▶ **Assigned task**: Leave the pictures aside and give back every entry below word for word.

(Short descriptive text snippets)
-- Opening Marker --
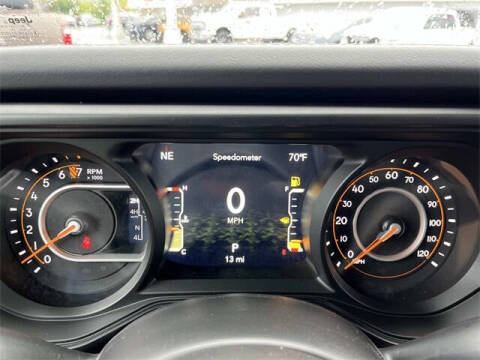 2025 Jeep Gladiator Rubicon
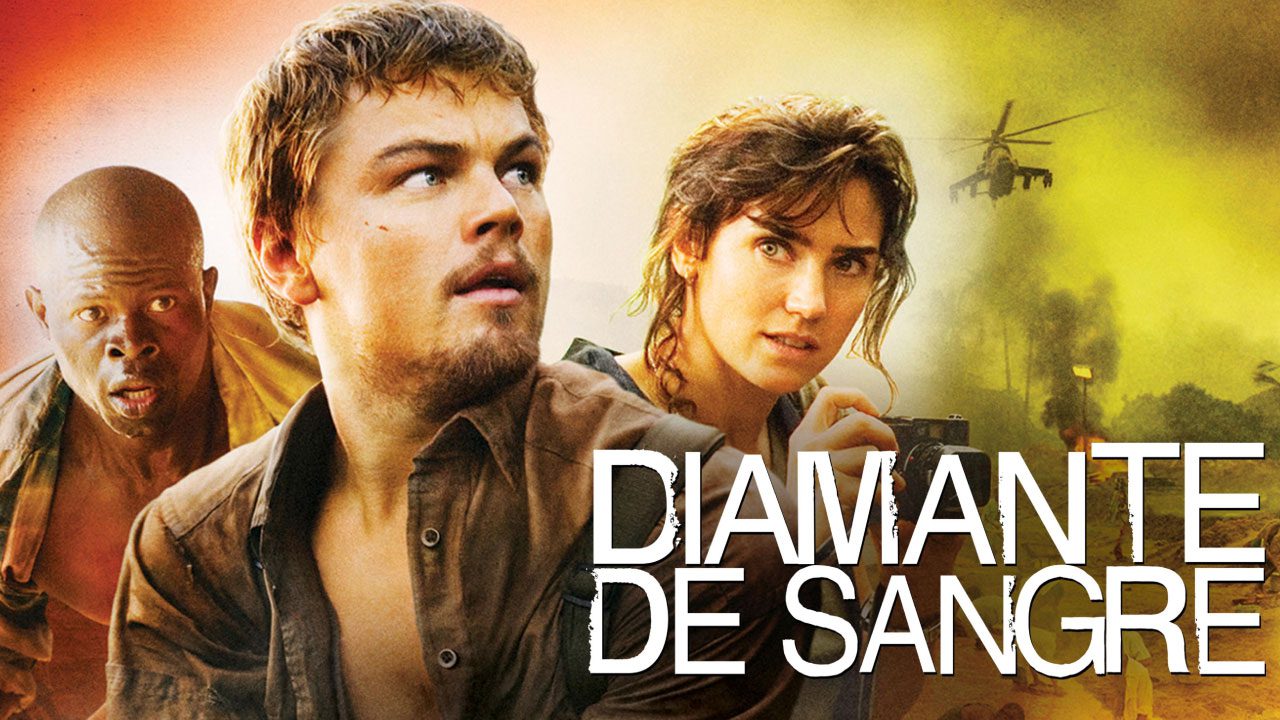 Diamante De Sangre (Película)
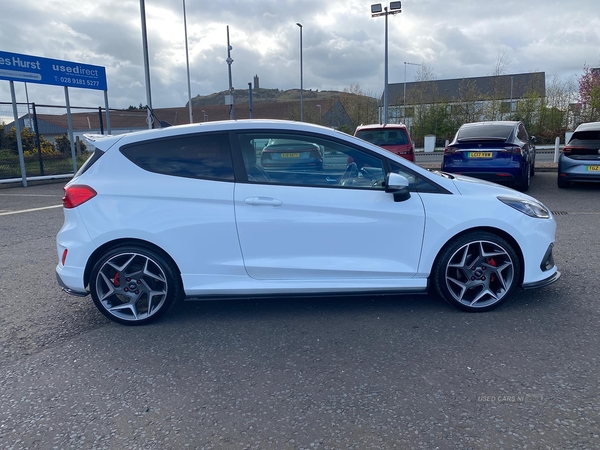 Ford Fiesta 1.5 Ecoboost St-3 3Dr in Down
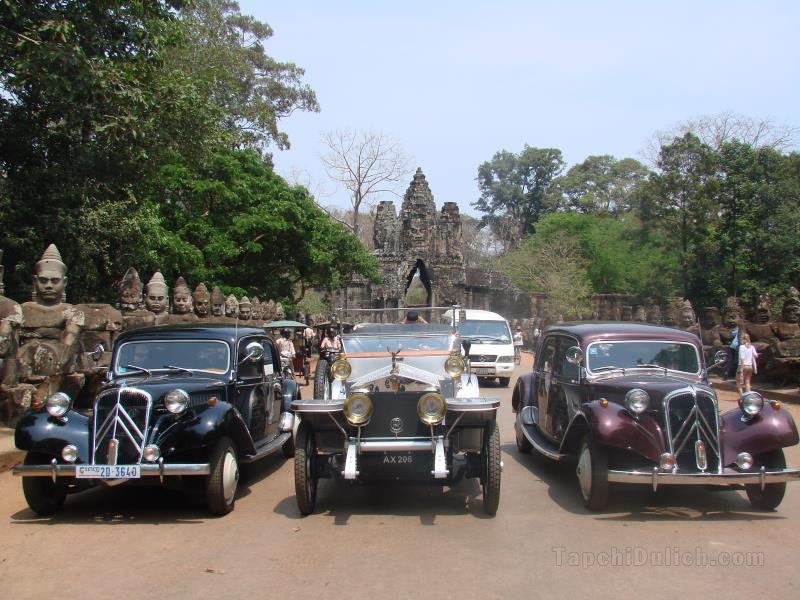 Apsara Angkor Resort & Conference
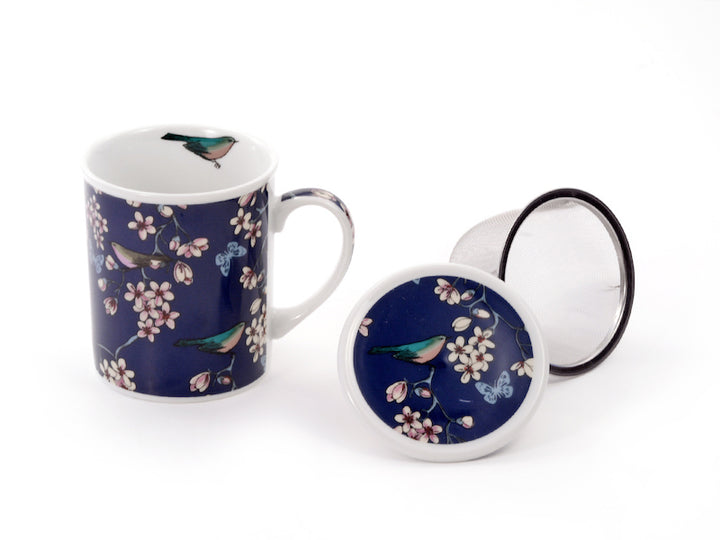 Earl Grey Royal Persian Supreme Infuser Mug Set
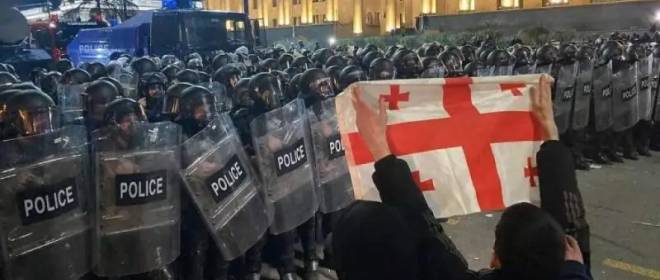 Иноагенты и протесты в Грузии — замочная скважина, через которую можно посмотреть на сложные процессы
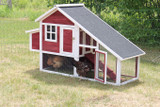 How To Clean Chicken Coops For Spring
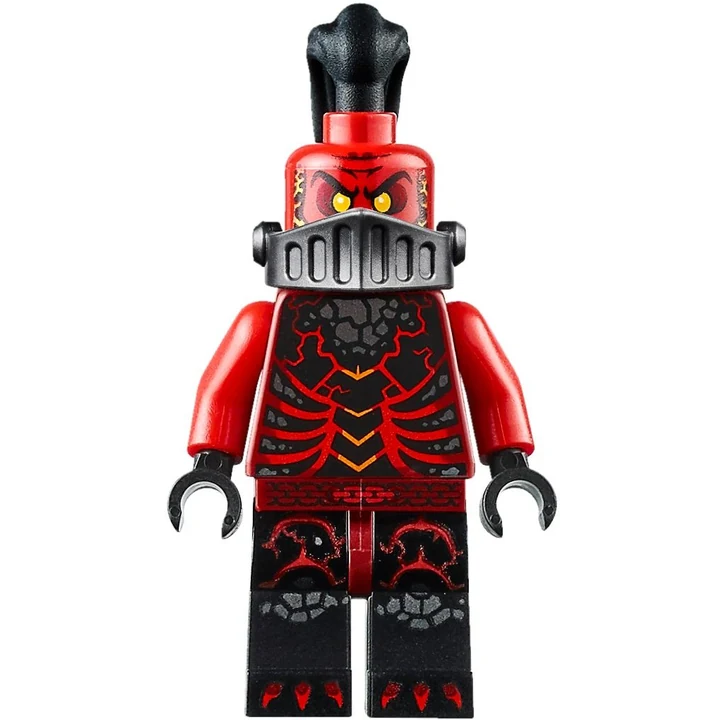 LEGO Nexo Knights 70338 Ultimativer General Magmar Bild 5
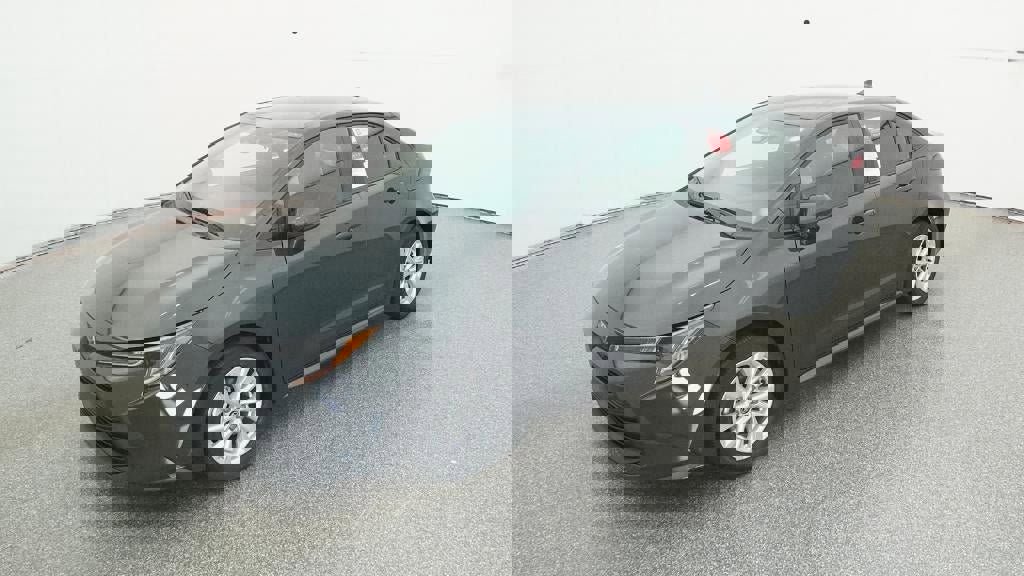 New 2026 Toyota Corolla LE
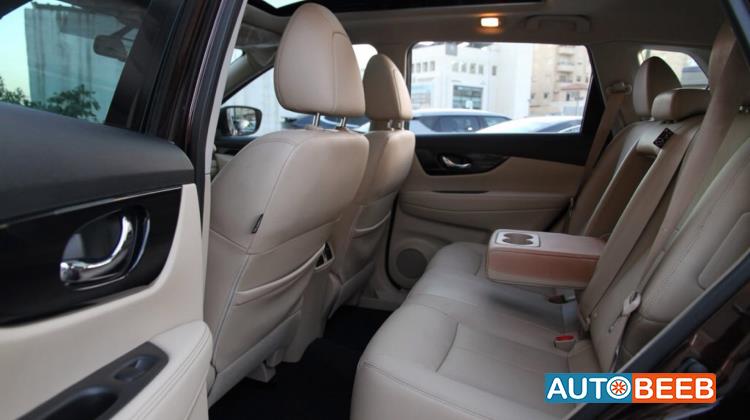 نيسان X-تيرا 2021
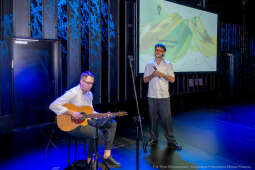 PW_525_051_fot. Piotr Wojnarowski.jpg-gala, Klaman, stypendia twórcze, KTO, wręczenie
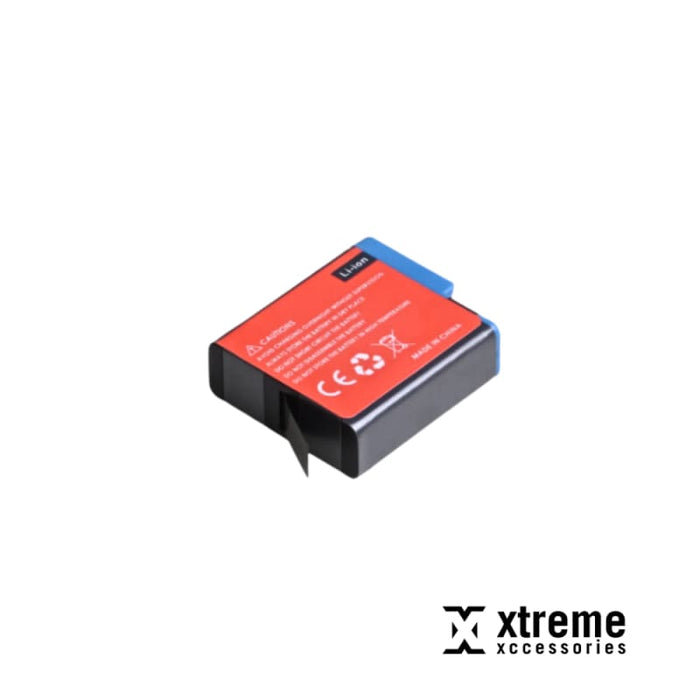 Xtreme Xccessories Hero 13 12 11 10 & 9 Generic Replacement Battery - GoPro Hero 12 11 10 & 9 Replacement Battery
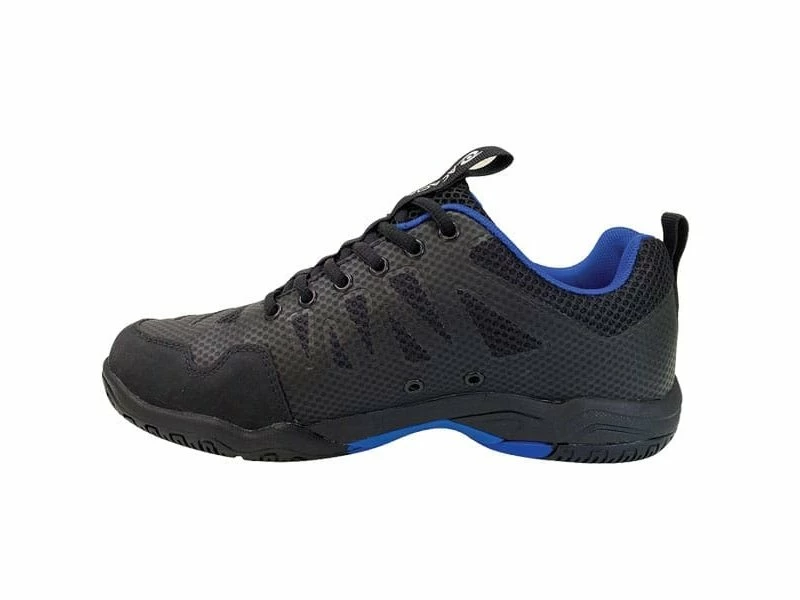 Acacia Sports ProShot Men's Pickleball Shoes Black 4 Acacia Sports ProShot Men's Pickleball Shoes Black - Image 2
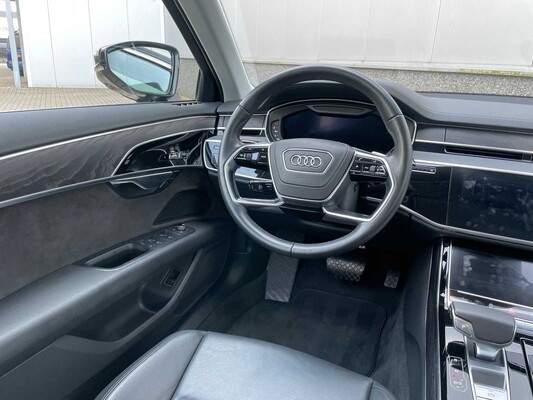 Audi A8 55 TFSI Quattro Pro Line + 340PS 2018, X-804-SX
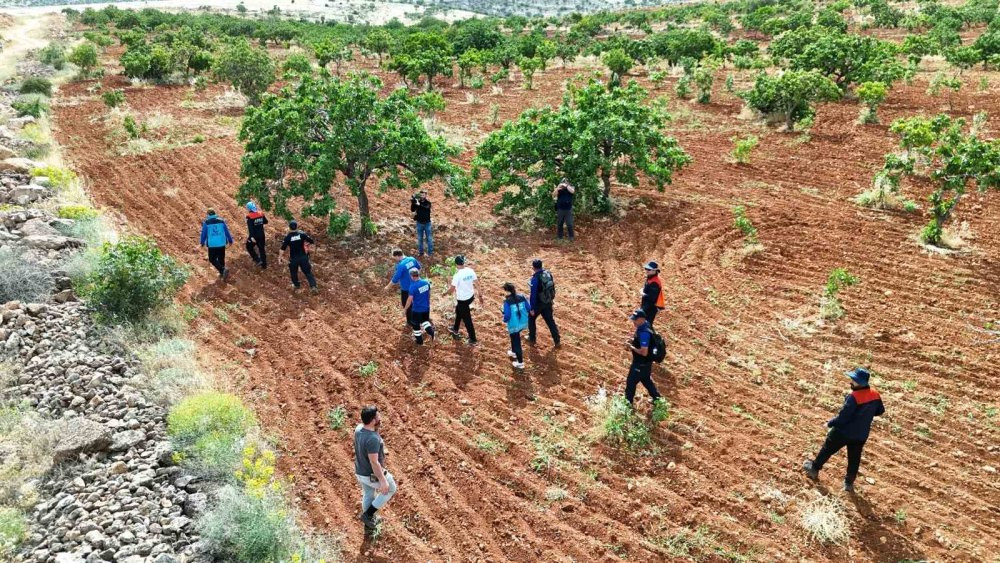 500 kişilik ekiple aranıyor: 10 yaşındaki çocuktan iz yok!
-- Closing Marker --
▶ **Exercise output**:
 2025 Jeep Gladiator Rubicon
 Diamante De Sangre (Película)
 Ford Fiesta 1.5 Ecoboost St-3 3Dr in Down
 Apsara Angkor Resort & Conference
 Earl Grey Royal Persian Supreme Infuser Mug Set
 Иноагенты и протесты в Грузии — замочная скважина, через которую можно посмотреть на сложные процессы
 How To Clean Chicken Coops For Spring
 LEGO Nexo Knights 70338 Ultimativer General Magmar Bild 5
 New 2026 Toyota Corolla LE
 نيسان X-تيرا 2021
 PW_525_051_fot. Piotr Wojnarowski.jpg-gala, Klaman, stypendia twórcze, KTO, wręczenie
 Xtreme Xccessories Hero 13 12 11 10 & 9 Generic Replacement Battery - GoPro Hero 12 11 10 & 9 Replacement Battery
 Acacia Sports ProShot Men's Pickleball Shoes Black 4 Acacia Sports ProShot Men's Pickleball Shoes Black - Image 2
 Audi A8 55 TFSI Quattro Pro Line + 340PS 2018, X-804-SX
 500 kişilik ekiple aranıyor: 10 yaşındaki çocuktan iz yok!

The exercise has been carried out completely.